START DATA
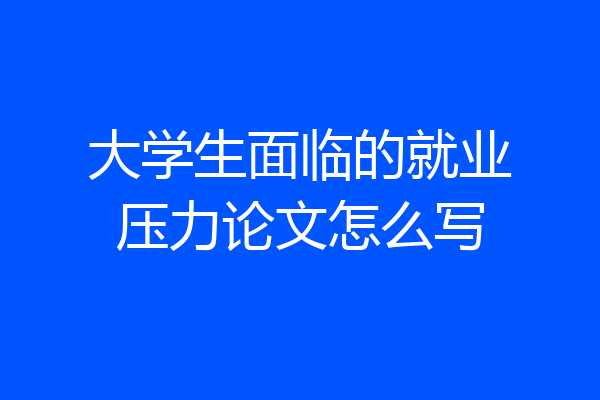 大学生面临的就业压力论文怎么写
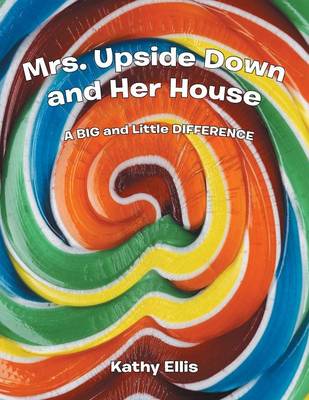 Mrs. Upside Down and Her House (Paperback)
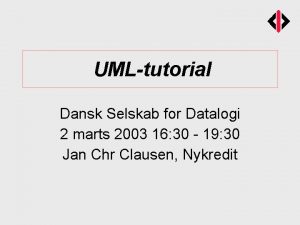 UMLtutorial Dansk Selskab for Datalogi 2 marts 2003
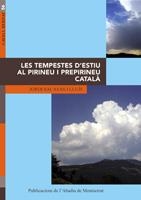 LES TEMPESTES D'ESTIU AL PIRINEU I PREPIRINEU CATALÀ. | 9788484155287 | SACASSAS I LLUÍS, JORDI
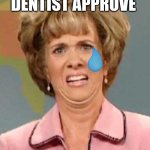 Grossed Out | 9/10 DENTIST APPROVE; THAT ONE DENTIST | image tagged in grossed out | made w/ Imgflip meme maker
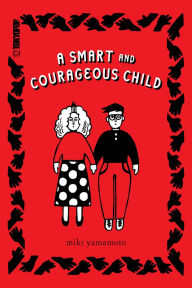 Title: A Smart and Courageous Child, Author: Miki Yamamoto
END DATA
### ABOUT THIS EXERCISE
In the material above, retype exactly the lines that run from the one containing "Grossed Out | 9/10" through the last line, and keep out the pictures.

### RESPONSE TO THIS TASK
 Grossed Out | 9/10 DENTIST APPROVE; THAT ONE DENTIST | image tagged in grossed out | made w/ Imgflip meme maker
 Title: A Smart and Courageous Child, Author: Miki Yamamoto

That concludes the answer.